The Children of Mon and Man
- Author: Bùi Viêt Hoa [fi]
- Original title: Con cháu Mon Mân
- Language: Vietnamese
- Genre: Epic poetry
- Publisher: Juminkeko
- Publication date: 2008
- Publication place: Finland, Vietnam
- Pages: 564pp.

= The Children of Mon and Man =

2008 epic poem by Bùi Viêt Hoa

The Children of Mon and Man (Con cháu Mon Mân) is an epic poem based on Vietnamese folk poetry and mythology, published in 2008 by Vietnamese linguist Bùi Viêt Hoa. The epic is written in the official language of Vietnam, i.e. Vietnamese, and follows the traditional seven-byte poem dimension of the Vietnamese people.

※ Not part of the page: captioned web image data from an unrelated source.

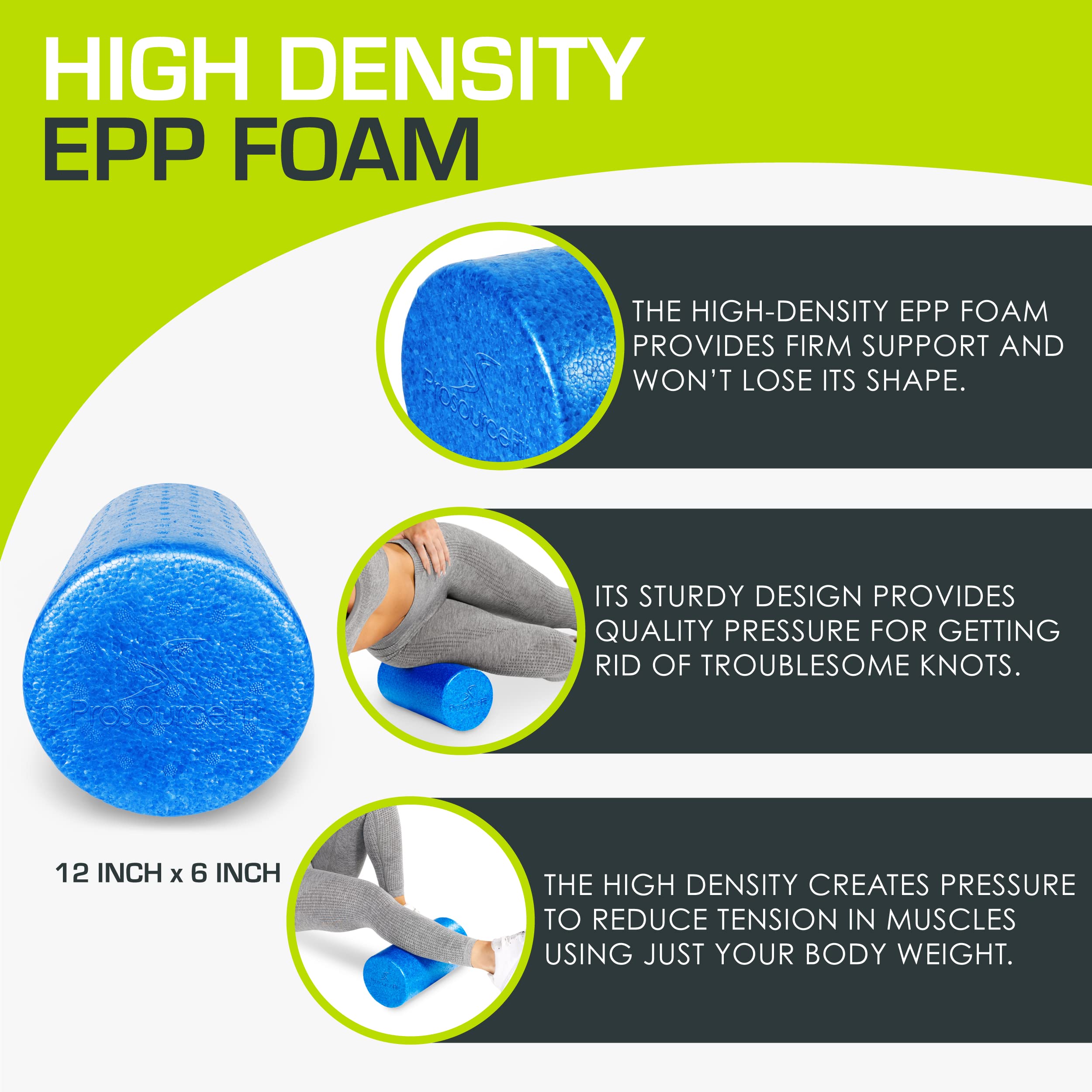 ProsourceFit High Density Foam Rollers 12 - inches long, Firm Full Body Athletic Massager for Back Stretching, Yoga, Pilates, Post Workout Trigger Point Release, Blue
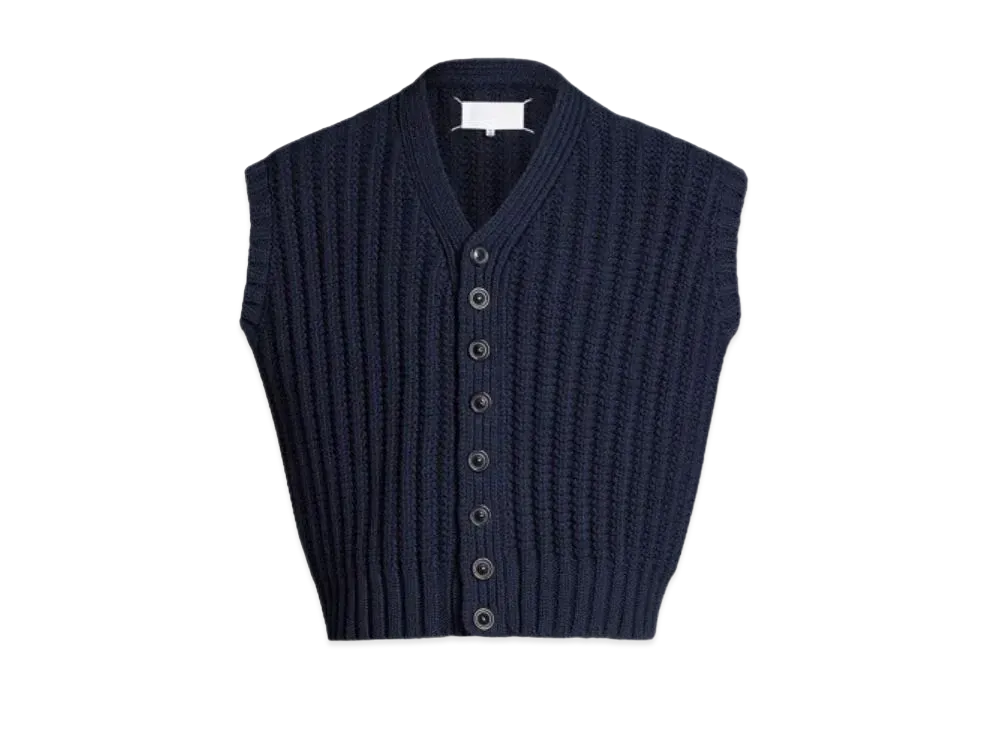 Maison Margiela Wool Vest Cardigan "Navy"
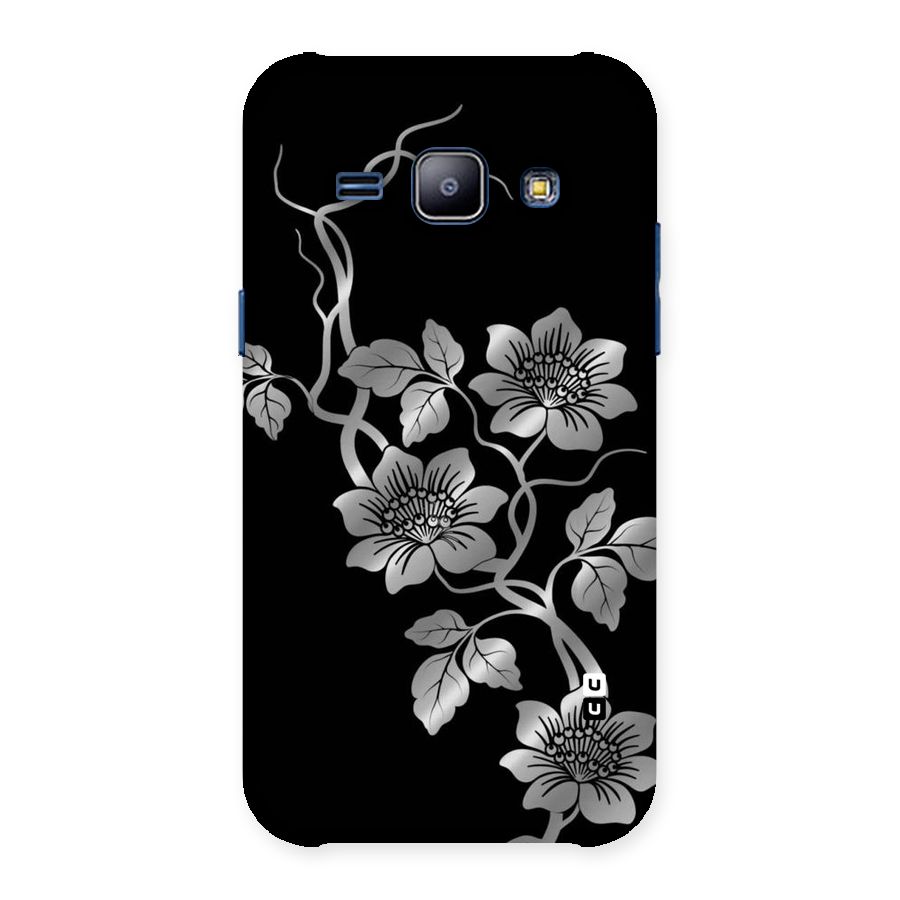 Silver Grey Flowers Back Case for Galaxy J1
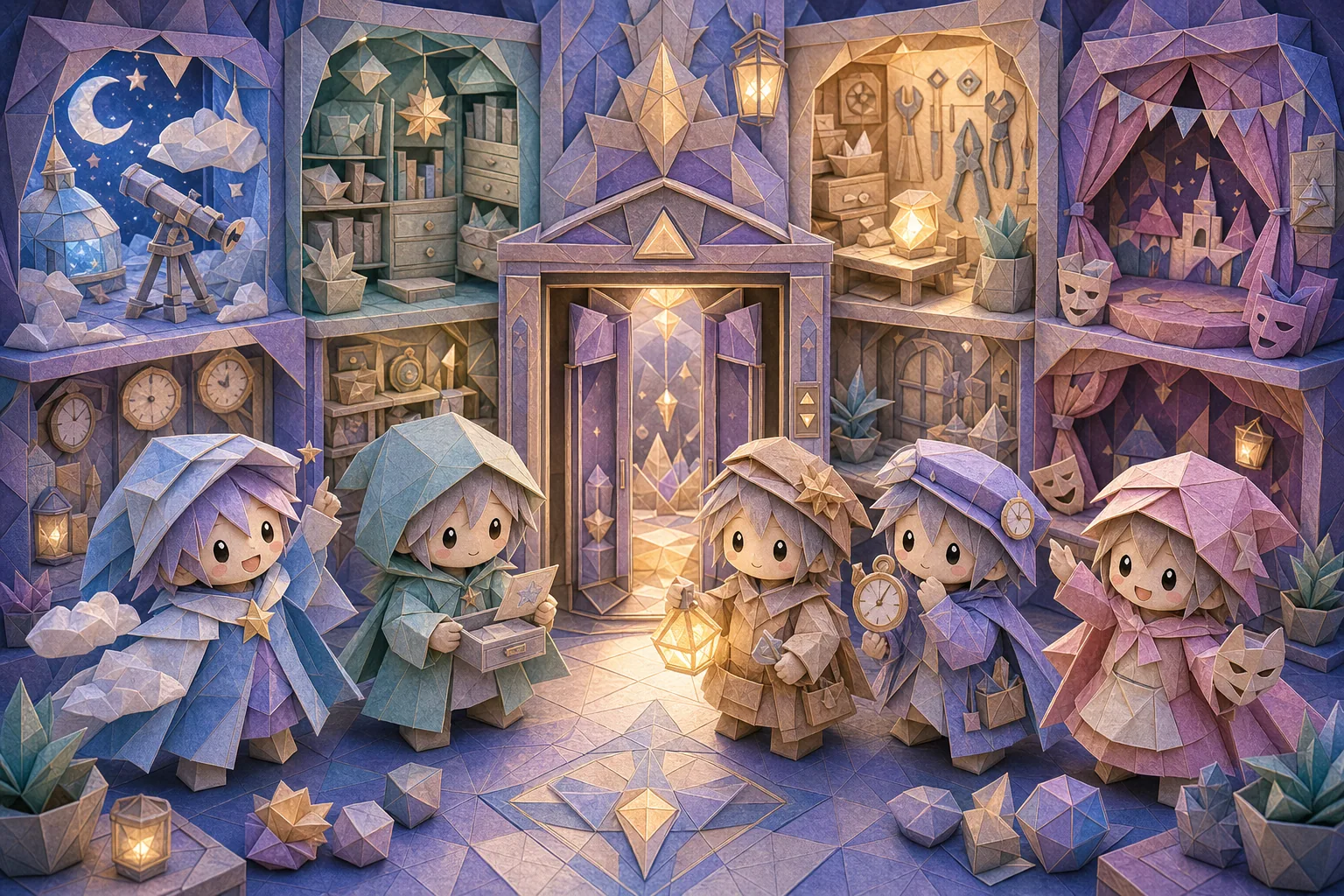 折り紙風の人物たちがエレベーターからそれぞれ違う秘密の階をのぞくジオラマ風カバー画像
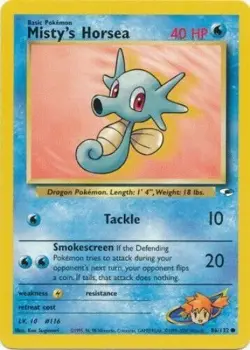 Misty's Horsea 86/132 Gym Heroes Unlimited Vintage 2000 Pokemon Card - Image 1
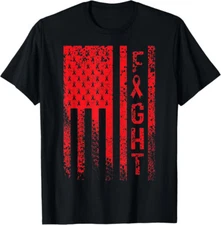 Fight Blood Cancer Awareness Ribbon Flag Unisex T-Shirt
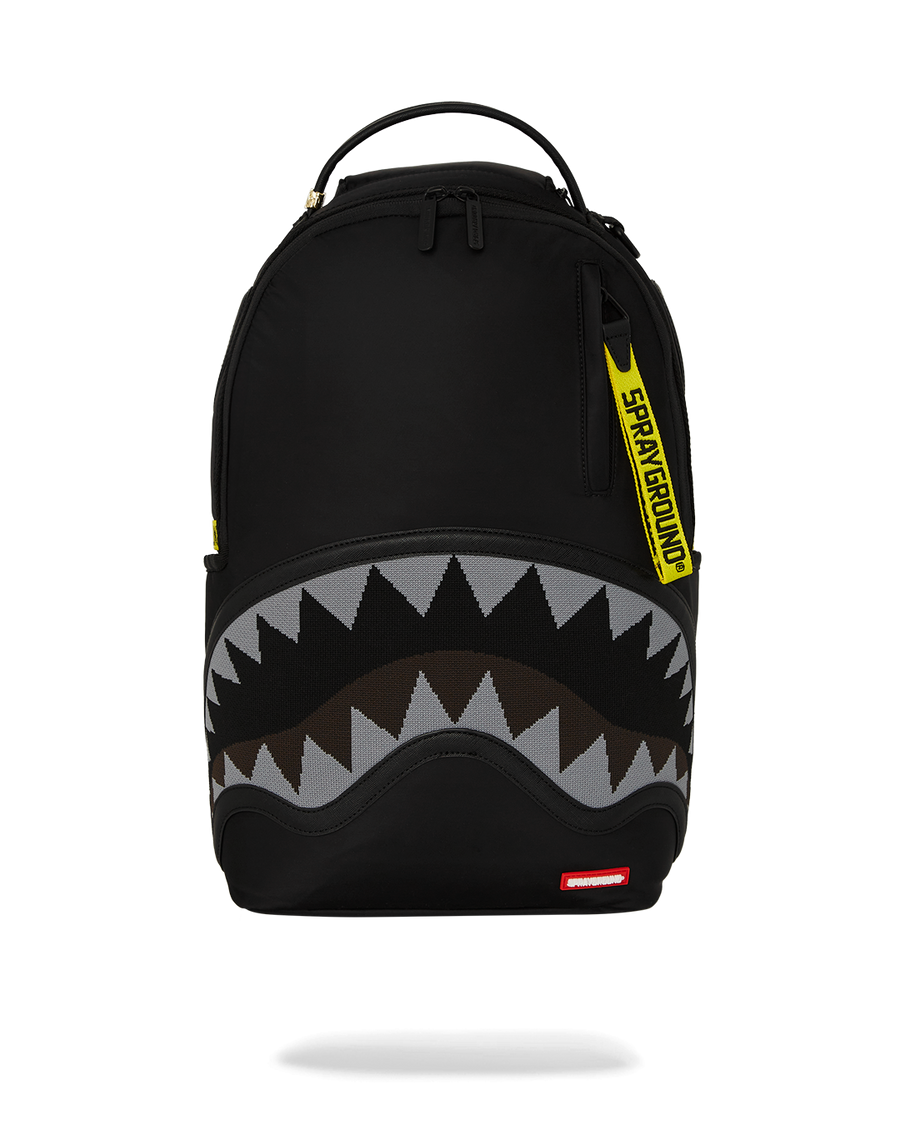 SPRAYGROUND® BACKPACK SHARK CENTRAL YELLOW TAPE DLX SATIN BACKPACK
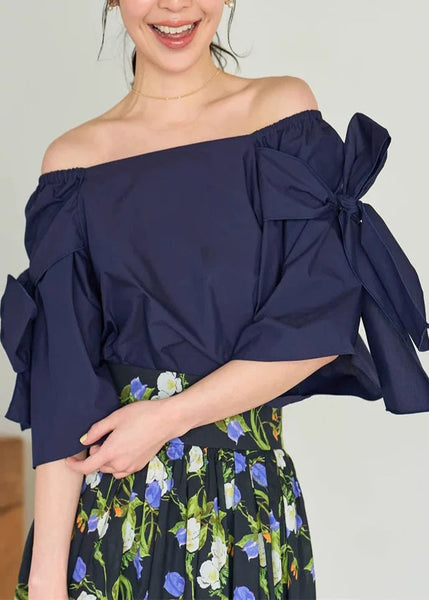 Summer Cold Navy Shoulder Top Cotton Women Shirt FashionChic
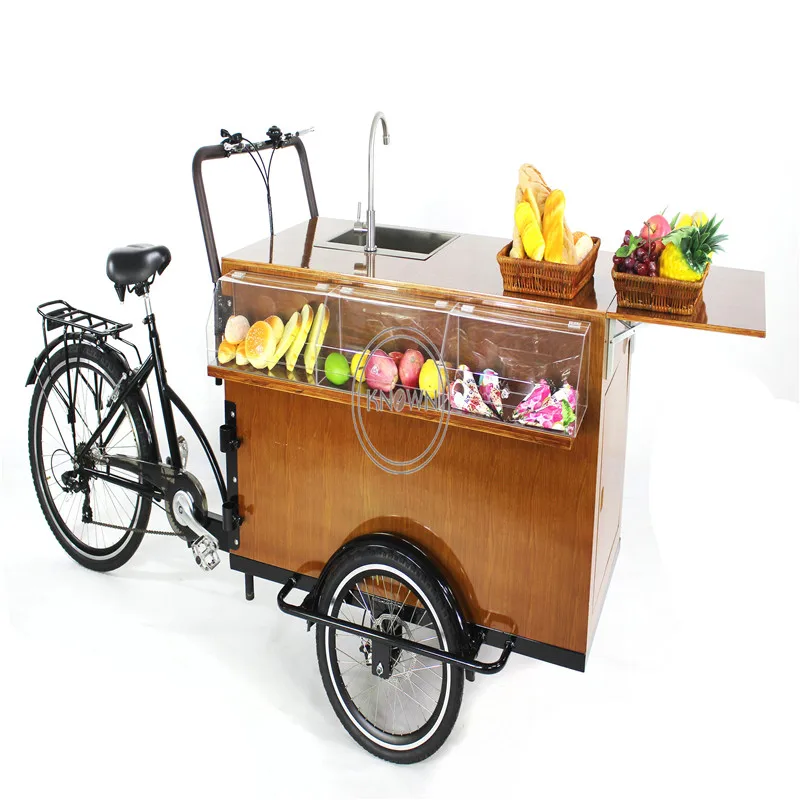 Индивидуални електрически триколки Товарни 3 колела за продажба на велосипеди за вендинга кафе, количка за възрастни Изображение 0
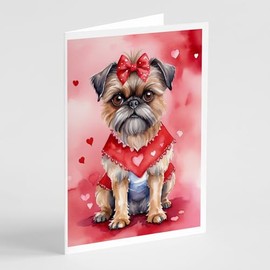 Caroline's Treasures DAC5302GCA7P Brussels Griffon My Valentine Greeting Cards Pack of 8 Blank Cards with Envelopes Whimsical A7 Size 5x7 Blank Note Cards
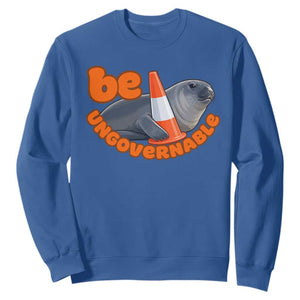 Neil The Seal Be Ungovernable Sweatshirt Funny Tasmania Elephant Seal Road TS11 Royal Blue Print Your Wear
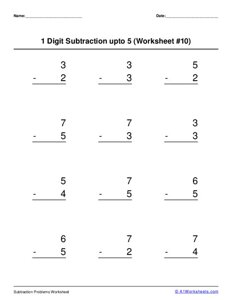 1 digit subtraction up to 5 Worksheet #10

The Children of Mon and Man is based in part on the Finnish epic poem, Kalevala. It is a joint publication of the Kaunokirjallisuus-kustantamo (Van Hoc) and the Kalevala and Karelian Cultural Information Center Juminkeko, which has also been funded by the Finnish Ministry for Foreign Affairs. The work is written mainly in Finland.

==History==
After defending her doctorate at the University of Budapest on the differences and similarities between Kalevala meter poetry and mythology of Muong people, Hoa began to create her own epic for Vietnam, using the process of the birth of the Kalevala as a model. Hoa spent seven years doing this, and The Children of Mon and Man were published in 2008. Kuhmo's Juminkeko Foundation, which was involved in the project, launched a website about The Children of Mon and Man on the 2009 Kalevala Day in Finnish, English and Vietnamese.

The Children of Mon and Man are based in part on Vietnamese folk poetry previously recorded in traditional archives, in part on a tradition and mythical stories that are still alive today. About 20-30 percent of the epic verses are the author's own. The epic plot combines poems, myths, legends, fairy tales and lyrical songs from different peoples so that the protagonists of different peoples see the events from their own perspective. Bùi Viêt Hoa's aim was to create an epic from which all Vietnamese nationalities could find something of their own. The material has been collected from at least 40 peoples living in Vietnam. During her expeditions, Hoa also became an eye for the authorities, as the status of minorities was a rather sensitive issue in the early 2000s. The Children of Mon and Man received a somewhat mixed reception in Vietnam.

==Subject matter==
The epic is divided into two entities, the first or mythical part of which tells of the birth of things important to the world and to the Vietnamese. The second part of the epic is a heroic epic that tells the story of the descendants of mythical ancestors and their adventures, as well as the birth of the Vietnamese state.

The mythical part tells the story of the ancestors of all people, the primordial gods Mon and Man. Its scenes include the birth of the world, the birth of man from the egg, the flood, the mythical pumpkin, the myth of the world tree, the request of fire from the gods, and the creation of mythical heroes, many of which have a counterpart in the Kalevala. In the second part, people are at the center of events, and the gods are left behind. The hero part tells the story of three peoples who end up in a common battle against an outside enemy and then live in harmony.